It is only happening on select Veth interfaces, and it is very sporadic. One interface gets about 1000 of these per day but they come in bunches of about 100 at a time - so theres roughly 5-10 events happening per day that are causing many drops at once. Other interfaces exhibiting the problem will show anywhere from 10-500 discards per day. About 10 interfaces in total are showing this behavior. The VMs themselves are mostly Windows 2008 R2 but a couple linux virtual appliances are showing small numbers of drops as well.
Reading online I found people give indications that they had these problems with the e1000 type interfaces in VMWare or had driver issues.
All of the most problematic interfaces are in fact VMXNet3 interfaces and I have tried completely uninstalling/reinstalling VMWare tools, deleting and reading the NIC within vCenter, and completely deleting and reinstalling the drivers in Windows without any success at improving the problem.
I did contact TAC at one point but their only suggestion was to get a capture of the traffic as its happening for further analysis. Unfortunately, the 15-30 second window suggested to grab this traffic is just unrealistic. I am not able to sit all day long and run capture after capture on the VEM and hope that I get lucky. Even if I tried I doubt I would be so lucky.
So I was hoping someone on here might have a better suggestion for me of what I could try to alleviate these drops or at least determine what is causing them.
The hardware setup is UCS B230 blades with Palo adapters, Everything on the network is Cisco. Connects up to a 6120 fabric interconnect pair which are vPC'd into our core Nexus 7010 switches. Any other details required to provide assistance please let me know and I'd be happy to provide them.
Sounds like you're done your due diligence.
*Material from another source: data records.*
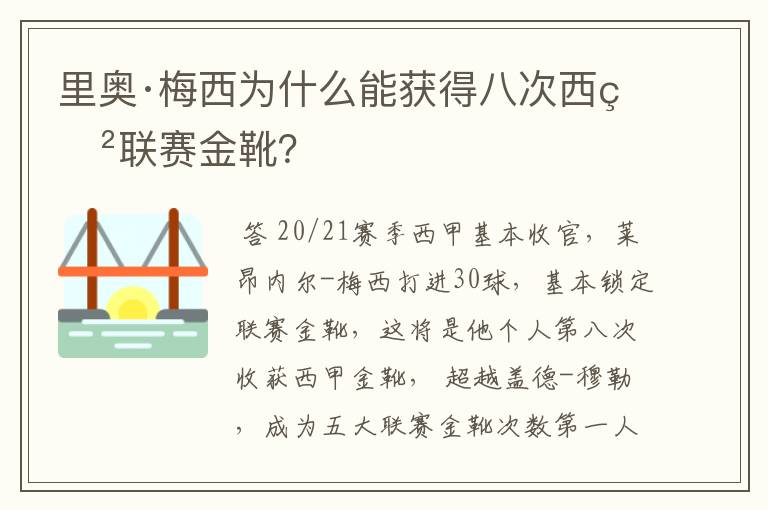里奥·梅西为什么能获得八次西甲联赛金靴?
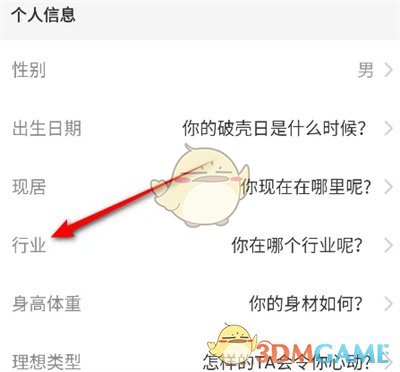 《映客直播》修改行業(yè)信息方法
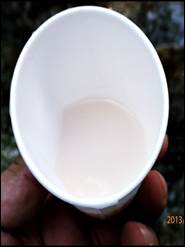 ����: ����: ����: D:\Photos\2013\2013-08-24_��ɻ��ȯ\output\P8240077.JPG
Output veth discards come from the 1000v towards your VM. As you've found the best way to capture this would be to do a vempkt capture on the 1000v filtering on drops - then we can see "what" exactly is being dropped. As you mention it's at random times of the day, capturing this would be difficult.
I would start logging all the occurances as best you can tracking placements of the VMs, times of day etc. By trending you might find a clue. I would be looking for any similarities in:
- Hosts running the VM
- VM network properties (VLAN, subnet etc)
- Applications running on the affected VMs (backup agents, services etc)
- Time of day this occurs (does it coincide with any tasks or jobs)
**Can you clear all interface counters, then the next day get the output of:
show int | egrep -i "ethernet|drop"
(kudos to Mike P)
Also provide the following:
- Previous TAC SR #
- Version of ESX and 1000v
Thank you for your response.
In the past 24 hours, oddly, only the most problematic interface has been showing these drops. All of the other ones are clean. The one interface has accumulated 1671 drops during this time.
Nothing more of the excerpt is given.